What you should do
What you return should be the exact lines from the one with "Book Cover for" to the end of the records below, both included, and no pictures.

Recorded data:

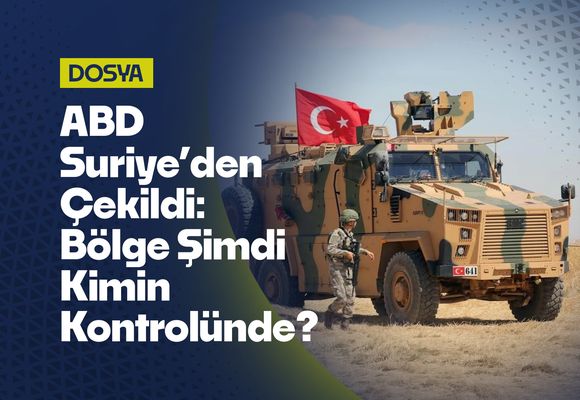 ABD Suriye’den Çekildi: Boşluk Kimin Kontrolünde, Yeni Kriz Nerede Başlayacak?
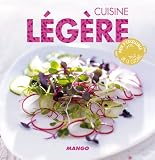 Cuisine légère:90 recettes simples, rapides et savoureuses (CERISE SUR LE G)
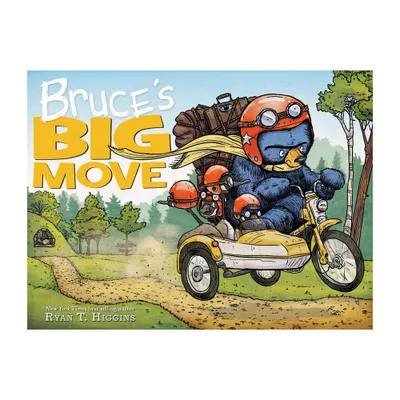 Bruces Big Move-A Mother Bruce Book - by Ryan T Higgins (Hardcover)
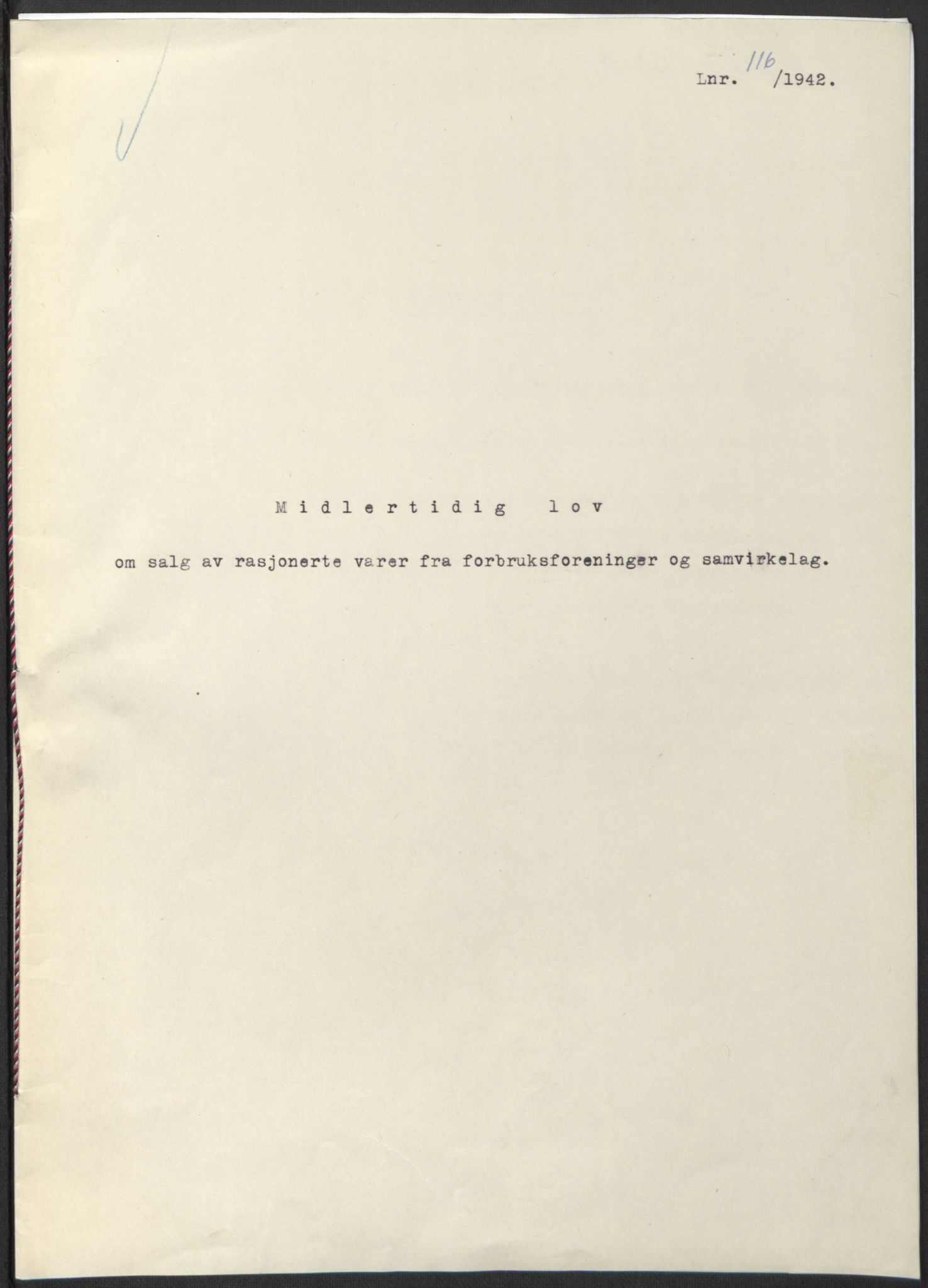 NS-administrasjonen 1940-1945 (Statsrådsekretariatet, de kommisariske statsråder mm), AV/RA-S-4279/D/Db/L0097: Lover I, 1942, p. 348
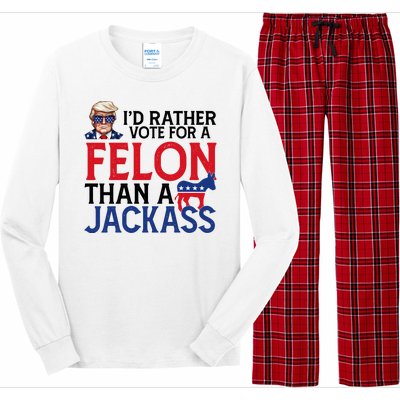 Id Rather Vote For A Felon Than A Jackass Trump America Long Sleeve Pajama Set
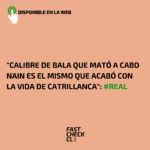 “Calibre de bala que mató a cabo Nain es el mismo que acabó con la vida de Catrillanca”: #Real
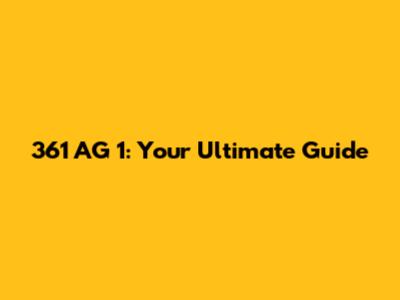 361 AG 1: Your Ultimate Guide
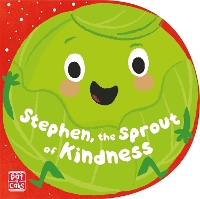 Book Cover for Stephen, the Sprout of Kindness by Pat-a-Cake, Richard Dungworth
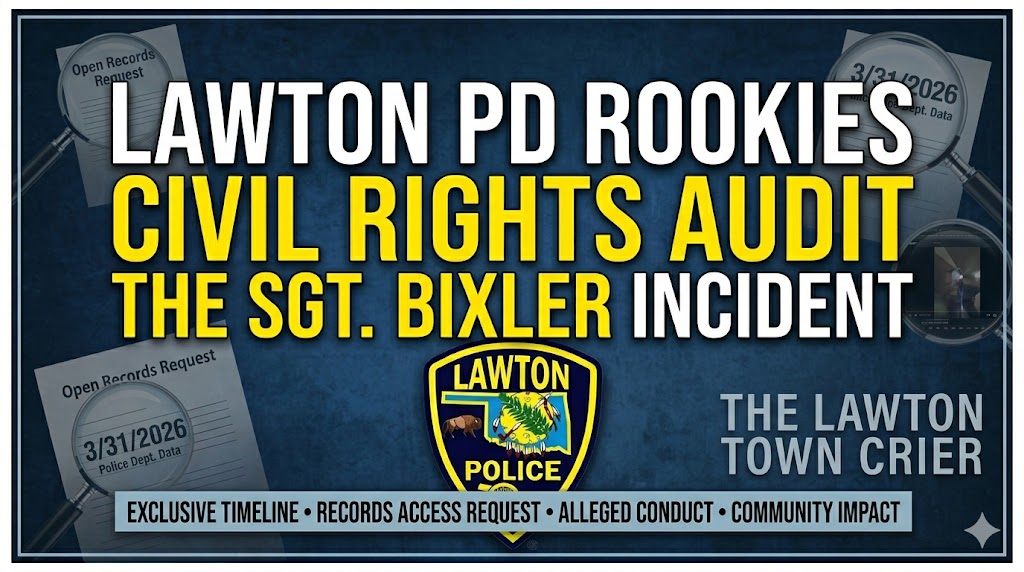 National Spotlight on Lawton: The Sgt. Bixler Arrest & Our Formal Push for Transparency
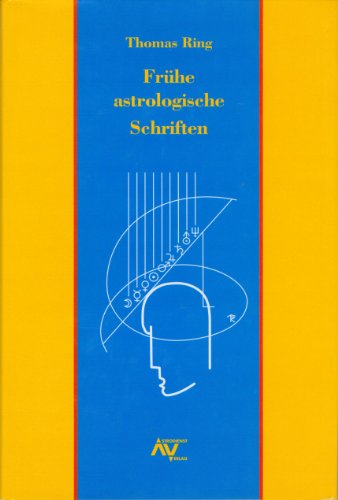 Beispielbild fr Frhe astrologische Schriften: Nachw. v. Erp Ring. zum Verkauf von bemeX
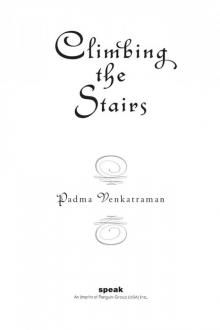 Climbing the Stairs Climbing the Stairs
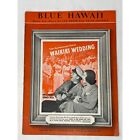 1937 Vintage Blue Hawaii Sheet Music Leo Robin & Ralph Rainger "Waikiki Wedding"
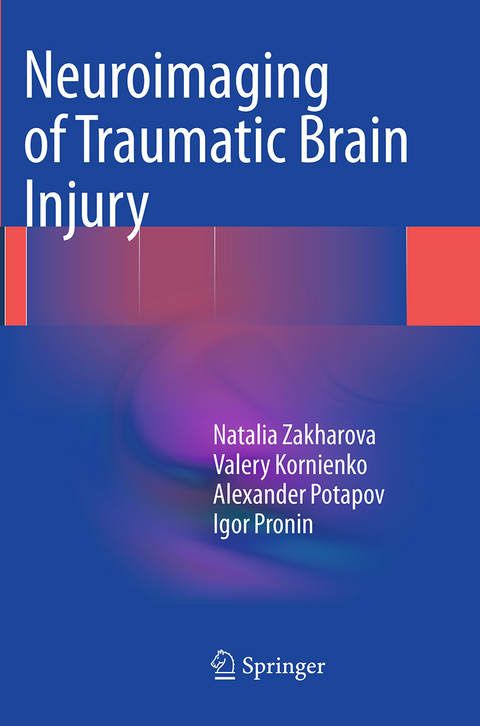 Neuroimaging of Traumatic Brain Injury - Natalia Zakharova, Valery Kornienko, Alexander Potapov, Igor Pronin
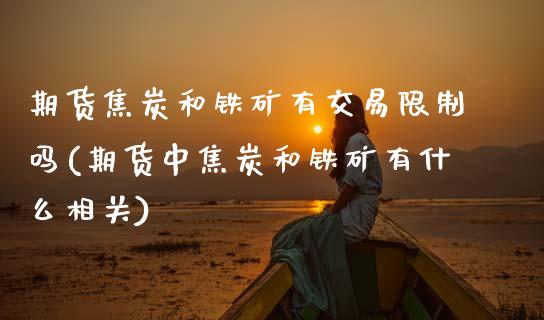 期货焦炭和铁矿有交易限制吗(期货中焦炭和铁矿有什么相关)_https://www.dong10.com_期货_第1张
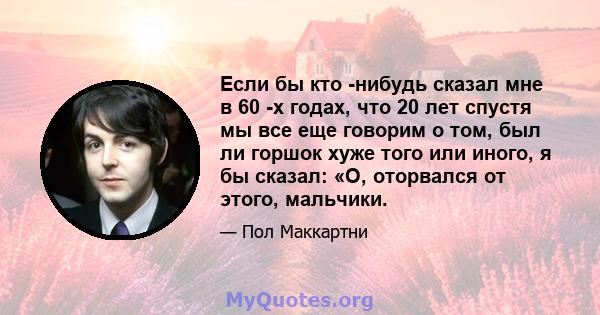 Если бы кто -нибудь сказал мне в 60 -х годах, что 20 лет спустя мы все еще говорим о том, был ли горшок хуже того или иного, я бы сказал: «О, оторвался от этого, мальчики.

Exercise output
 Book Cover for Stephen, the Sprout of Kindness by Pat-a-Cake, Richard Dungworth
 National Spotlight on Lawton: The Sgt. Bixler Arrest & Our Formal Push for Transparency
 Beispielbild fr Frhe astrologische Schriften: Nachw. v. Erp Ring. zum Verkauf von bemeX
 Climbing the Stairs Climbing the Stairs
 1937 Vintage Blue Hawaii Sheet Music Leo Robin & Ralph Rainger "Waikiki Wedding"
 Neuroimaging of Traumatic Brain Injury - Natalia Zakharova, Valery Kornienko, Alexander Potapov, Igor Pronin
 期货焦炭和铁矿有交易限制吗(期货中焦炭和铁矿有什么相关)_https://www.dong10.com_期货_第1张
 Если бы кто -нибудь сказал мне в 60 -х годах, что 20 лет спустя мы все еще говорим о том, был ли горшок хуже того или иного, я бы сказал: «О, оторвался от этого, мальчики.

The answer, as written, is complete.